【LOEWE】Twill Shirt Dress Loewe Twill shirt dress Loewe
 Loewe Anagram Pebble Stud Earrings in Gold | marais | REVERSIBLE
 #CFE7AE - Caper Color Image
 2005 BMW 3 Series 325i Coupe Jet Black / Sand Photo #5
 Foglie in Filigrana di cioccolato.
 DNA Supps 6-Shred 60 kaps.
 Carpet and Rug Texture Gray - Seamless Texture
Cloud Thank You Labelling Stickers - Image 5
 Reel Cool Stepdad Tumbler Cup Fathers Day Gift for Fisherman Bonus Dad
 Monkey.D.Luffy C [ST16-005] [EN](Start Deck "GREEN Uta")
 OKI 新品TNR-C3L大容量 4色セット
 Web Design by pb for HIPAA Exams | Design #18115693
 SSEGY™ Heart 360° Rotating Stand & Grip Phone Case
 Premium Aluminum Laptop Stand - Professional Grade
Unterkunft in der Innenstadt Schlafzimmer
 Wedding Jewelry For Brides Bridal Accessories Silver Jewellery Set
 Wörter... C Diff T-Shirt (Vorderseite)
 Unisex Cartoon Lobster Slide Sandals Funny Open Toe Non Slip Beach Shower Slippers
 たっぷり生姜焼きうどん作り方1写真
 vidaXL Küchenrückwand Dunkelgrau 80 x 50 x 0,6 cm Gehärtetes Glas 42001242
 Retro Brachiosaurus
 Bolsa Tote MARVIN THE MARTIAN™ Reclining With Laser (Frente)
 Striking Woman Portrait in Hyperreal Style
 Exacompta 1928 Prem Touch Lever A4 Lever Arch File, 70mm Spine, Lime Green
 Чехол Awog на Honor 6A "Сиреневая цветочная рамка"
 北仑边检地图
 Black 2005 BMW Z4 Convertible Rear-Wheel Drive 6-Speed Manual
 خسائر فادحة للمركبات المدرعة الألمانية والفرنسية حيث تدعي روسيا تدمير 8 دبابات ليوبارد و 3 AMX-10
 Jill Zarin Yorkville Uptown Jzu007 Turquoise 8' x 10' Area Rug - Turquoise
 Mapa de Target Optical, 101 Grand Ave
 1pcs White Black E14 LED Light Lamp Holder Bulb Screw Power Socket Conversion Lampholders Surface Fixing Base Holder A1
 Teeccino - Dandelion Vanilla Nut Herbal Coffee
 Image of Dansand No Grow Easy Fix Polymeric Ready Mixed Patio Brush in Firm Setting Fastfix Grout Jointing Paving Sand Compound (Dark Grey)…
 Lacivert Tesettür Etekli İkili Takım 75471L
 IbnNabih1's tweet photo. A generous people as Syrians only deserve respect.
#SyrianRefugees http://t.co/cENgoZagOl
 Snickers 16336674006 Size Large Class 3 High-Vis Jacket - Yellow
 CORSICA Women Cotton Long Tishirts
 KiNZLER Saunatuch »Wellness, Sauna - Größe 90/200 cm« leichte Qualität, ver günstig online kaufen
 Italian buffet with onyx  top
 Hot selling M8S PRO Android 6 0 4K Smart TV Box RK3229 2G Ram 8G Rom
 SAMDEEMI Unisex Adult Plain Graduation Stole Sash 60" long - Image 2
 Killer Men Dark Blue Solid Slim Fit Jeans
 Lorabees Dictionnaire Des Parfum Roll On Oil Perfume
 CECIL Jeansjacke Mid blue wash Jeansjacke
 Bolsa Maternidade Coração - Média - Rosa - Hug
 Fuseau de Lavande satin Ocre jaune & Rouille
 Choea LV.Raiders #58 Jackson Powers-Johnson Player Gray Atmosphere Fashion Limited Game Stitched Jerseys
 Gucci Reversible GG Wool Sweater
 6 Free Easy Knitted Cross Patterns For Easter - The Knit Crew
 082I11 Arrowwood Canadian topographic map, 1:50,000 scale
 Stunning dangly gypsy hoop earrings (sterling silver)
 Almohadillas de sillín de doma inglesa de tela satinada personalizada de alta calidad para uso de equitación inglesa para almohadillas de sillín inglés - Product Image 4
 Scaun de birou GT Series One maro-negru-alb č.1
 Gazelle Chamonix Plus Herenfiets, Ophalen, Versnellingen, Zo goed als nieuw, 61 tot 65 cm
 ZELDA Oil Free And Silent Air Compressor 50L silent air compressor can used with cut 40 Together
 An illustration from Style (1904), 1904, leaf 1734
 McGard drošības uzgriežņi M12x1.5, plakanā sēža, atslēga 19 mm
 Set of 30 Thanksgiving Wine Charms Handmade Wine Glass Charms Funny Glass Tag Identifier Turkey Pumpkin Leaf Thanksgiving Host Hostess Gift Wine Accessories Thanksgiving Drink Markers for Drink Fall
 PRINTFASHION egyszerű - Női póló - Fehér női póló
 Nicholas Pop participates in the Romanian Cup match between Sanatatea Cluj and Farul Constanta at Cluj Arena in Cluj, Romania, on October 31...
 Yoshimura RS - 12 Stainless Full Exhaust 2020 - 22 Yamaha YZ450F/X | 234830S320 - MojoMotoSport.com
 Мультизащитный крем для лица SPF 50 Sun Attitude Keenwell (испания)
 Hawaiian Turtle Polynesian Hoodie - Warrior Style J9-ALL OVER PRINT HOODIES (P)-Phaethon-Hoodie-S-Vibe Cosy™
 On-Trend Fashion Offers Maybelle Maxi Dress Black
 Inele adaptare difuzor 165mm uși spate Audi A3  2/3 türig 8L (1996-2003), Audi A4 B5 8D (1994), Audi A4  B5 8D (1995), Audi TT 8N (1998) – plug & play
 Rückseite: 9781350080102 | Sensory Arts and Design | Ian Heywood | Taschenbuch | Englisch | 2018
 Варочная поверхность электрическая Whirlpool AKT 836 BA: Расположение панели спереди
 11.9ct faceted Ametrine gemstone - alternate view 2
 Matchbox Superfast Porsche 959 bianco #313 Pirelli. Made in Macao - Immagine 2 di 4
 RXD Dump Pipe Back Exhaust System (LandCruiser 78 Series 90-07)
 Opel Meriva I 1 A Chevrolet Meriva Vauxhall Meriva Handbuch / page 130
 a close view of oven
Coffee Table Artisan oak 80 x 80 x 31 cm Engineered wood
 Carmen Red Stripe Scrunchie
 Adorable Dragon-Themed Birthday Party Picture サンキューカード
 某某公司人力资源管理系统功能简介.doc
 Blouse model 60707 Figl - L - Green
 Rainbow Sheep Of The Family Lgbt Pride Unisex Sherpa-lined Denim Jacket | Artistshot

----------------------------------------

TASK DESCRIPTION:
In the entries above, find the line with "Wörter... C Diff T-Shirt (Vorderseite)" and the line with "Retro Brachiosaurus", then restate word for word both of them and every line between, with nothing more.

PROBLEM SOLUTION:
 Wörter... C Diff T-Shirt (Vorderseite)
 Unisex Cartoon Lobster Slide Sandals Funny Open Toe Non Slip Beach Shower Slippers
 たっぷり生姜焼きうどん作り方1写真
 vidaXL Küchenrückwand Dunkelgrau 80 x 50 x 0,6 cm Gehärtetes Glas 42001242
 Retro Brachiosaurus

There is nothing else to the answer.